Short text fragments from websites
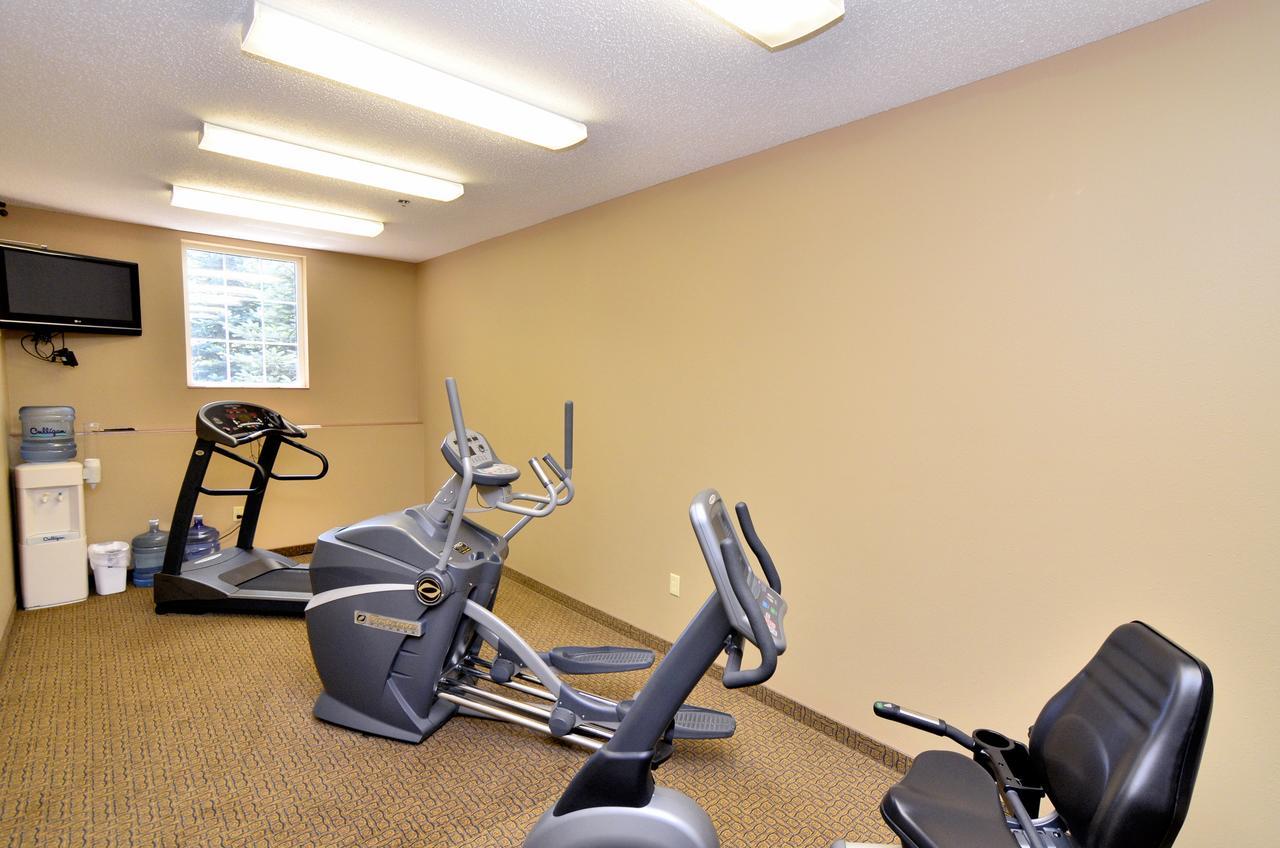 Cobblestone Inn & Suites - Denison | Majestic Hills エクステリア 写真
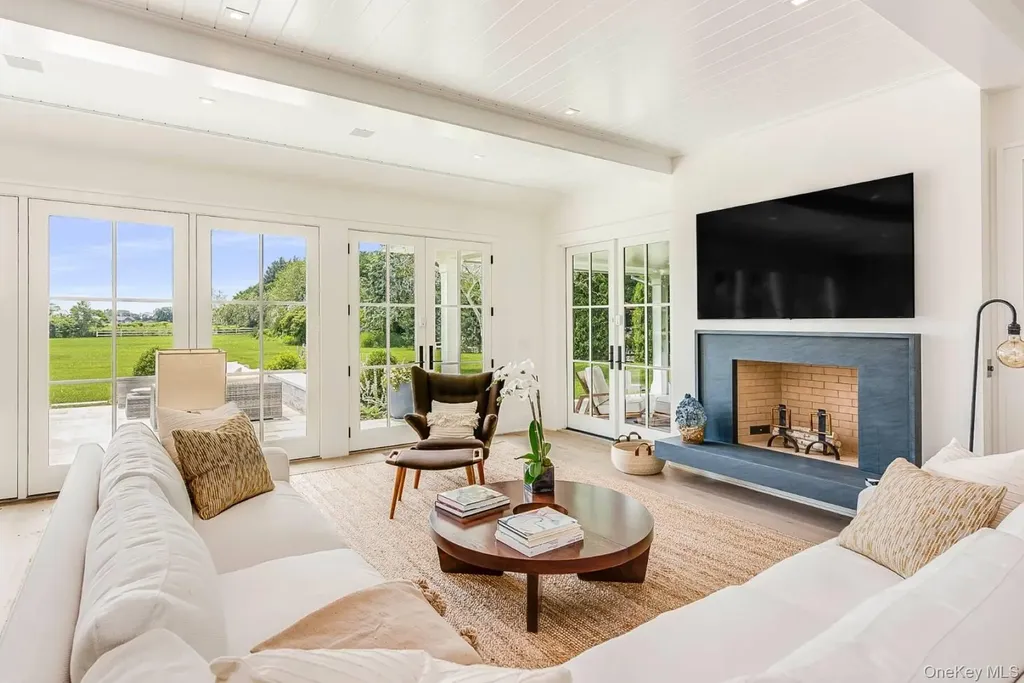 571 Pauls Lane Bridgehampton NY 11932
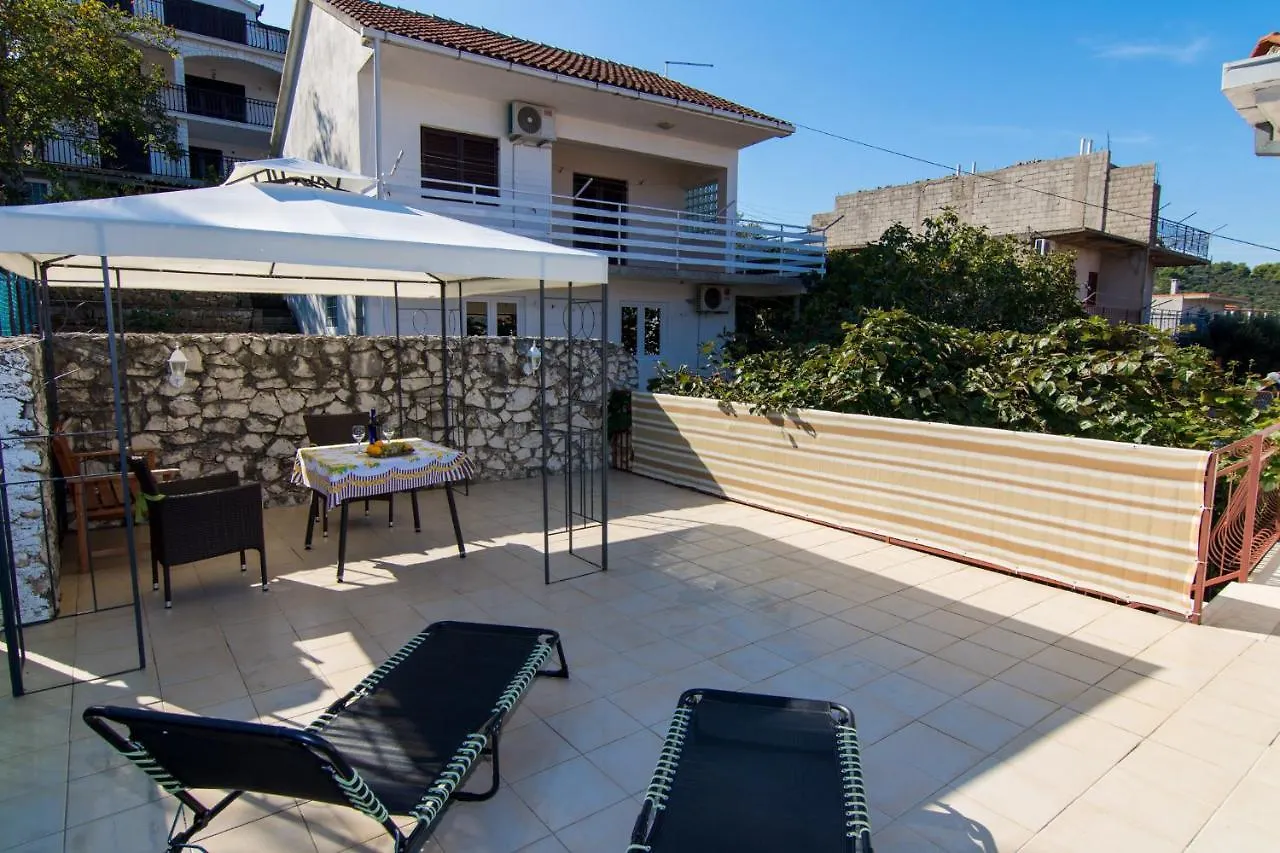 Holidays Apartments Slanada With Terrace And Sea View, Near The Beach & Town Trogir, Free Parking, Quiet Place On Peninsula Ciovo Chorwacja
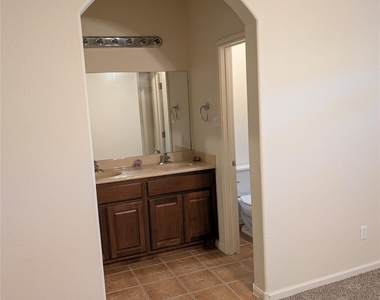 11400 W Parmer Ln - Photo Thumbnail 8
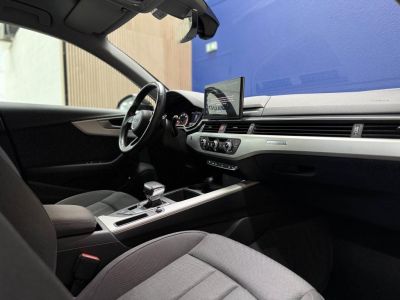 Audi A4 Allroad Quattro 20 45 TFSI 245 CH S-tronic Design   - 15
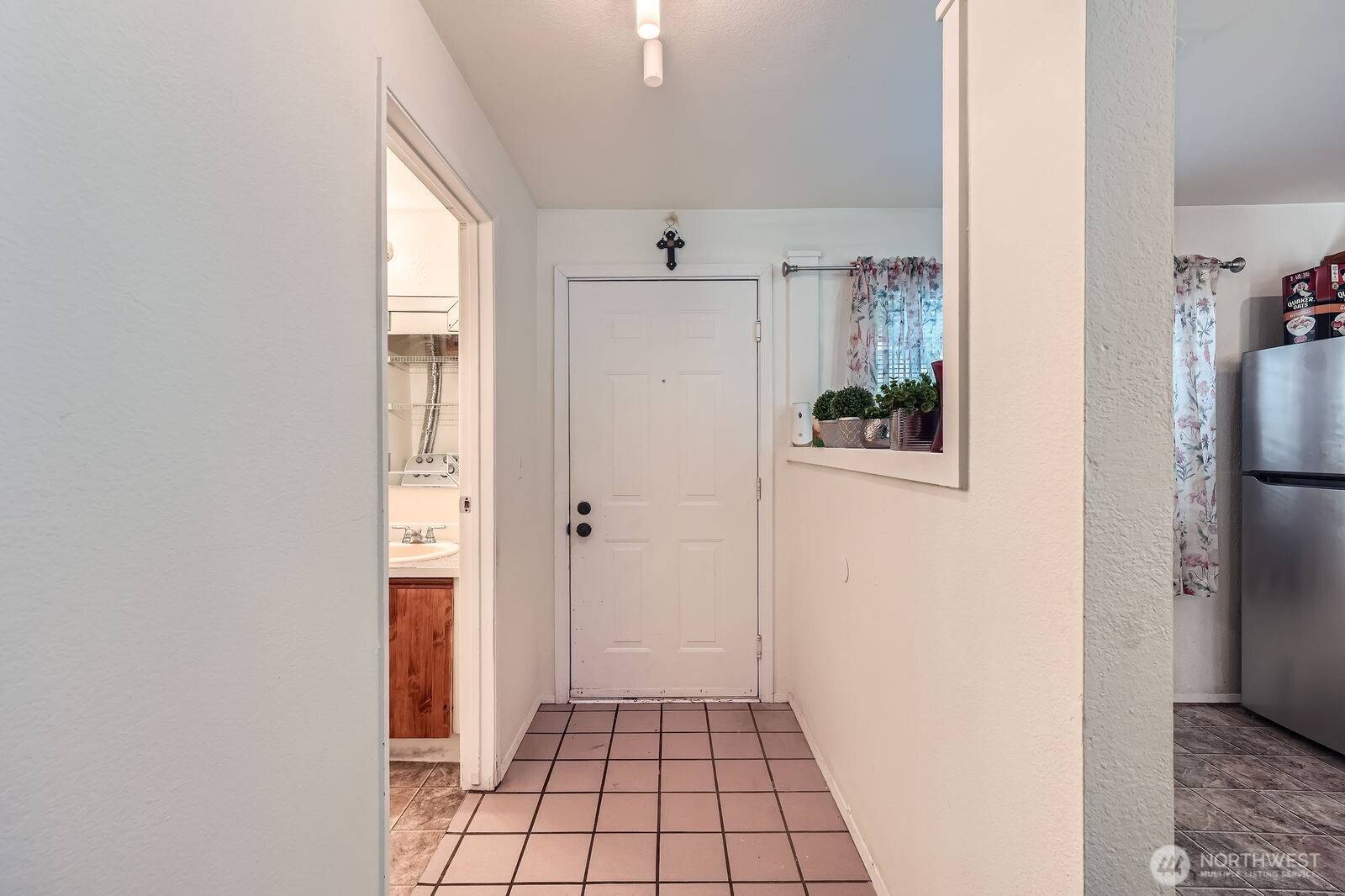 Federal Way, WA 98003,2100 S 336th ST #M1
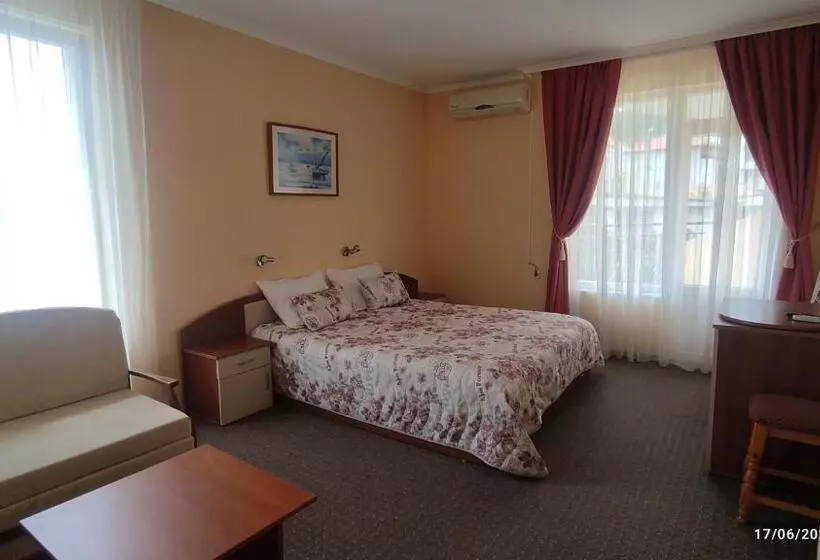 پانسیون Guest House Marina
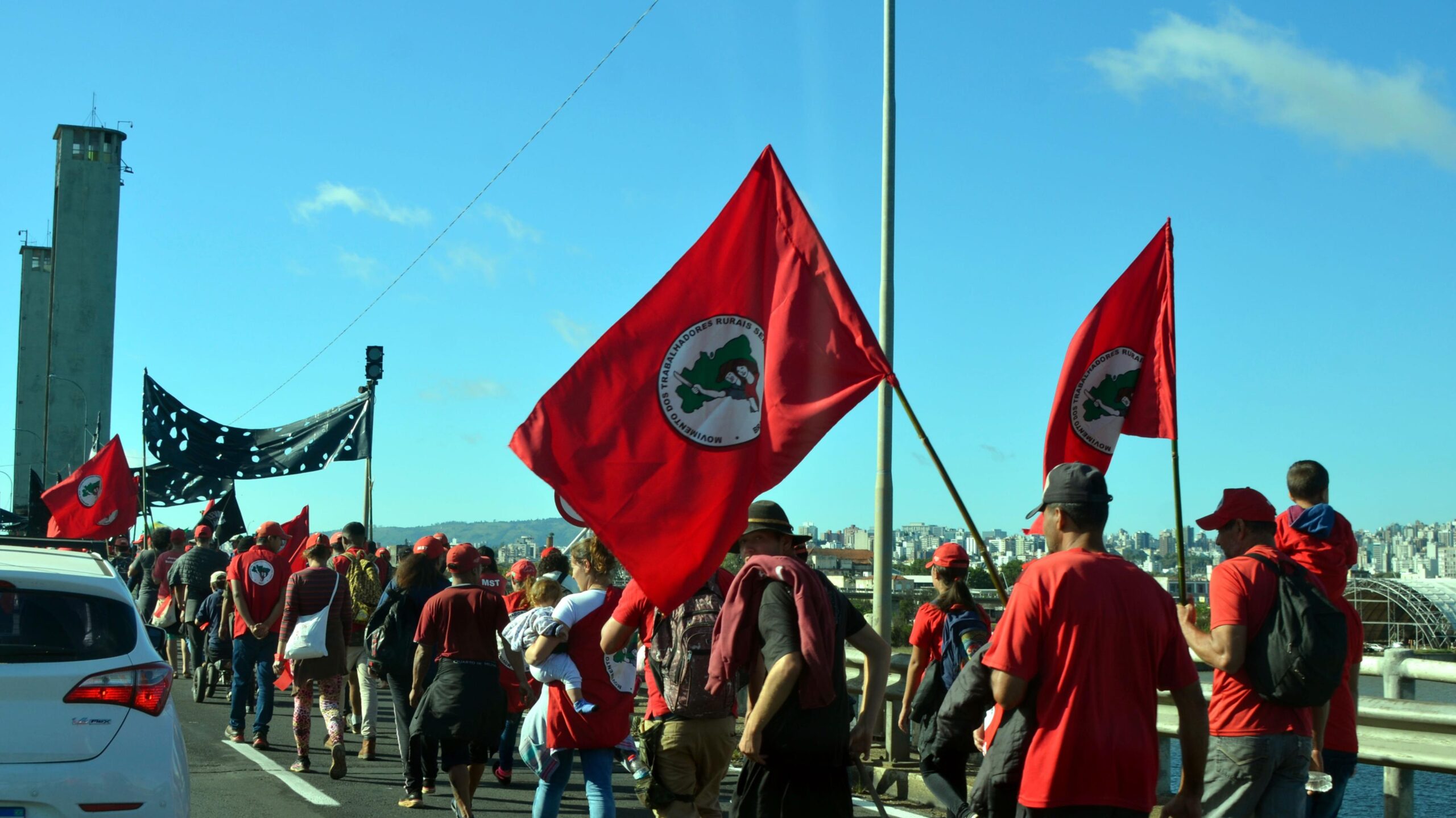 Movimento cobra agilidade do governo Lula e cita pacote tarifário de Trump.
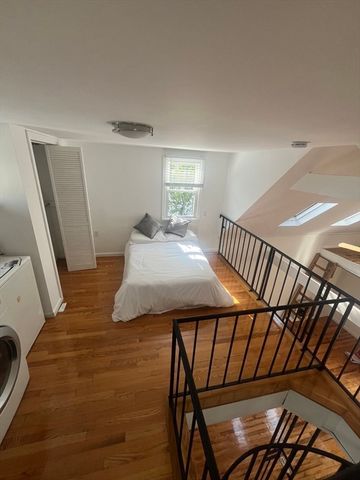 248 Essex St, Lynn, MA 01902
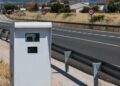 Radar fijo de la DGT en una carretera de Sevilla, límite 70 km/h, entre los que más multan en España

Work to be completed:
Word for word, give again the lines from the first entry to the line with "248 Essex St, Lynn, MA 01902", inclusive. Exclude the pictures.

Response:
 Cobblestone Inn & Suites - Denison | Majestic Hills エクステリア 写真
 571 Pauls Lane Bridgehampton NY 11932
 Holidays Apartments Slanada With Terrace And Sea View, Near The Beach & Town Trogir, Free Parking, Quiet Place On Peninsula Ciovo Chorwacja
 11400 W Parmer Ln - Photo Thumbnail 8
 Audi A4 Allroad Quattro 20 45 TFSI 245 CH S-tronic Design   - 15
 Federal Way, WA 98003,2100 S 336th ST #M1
 پانسیون Guest House Marina
 Movimento cobra agilidade do governo Lula e cita pacote tarifário de Trump.
 248 Essex St, Lynn, MA 01902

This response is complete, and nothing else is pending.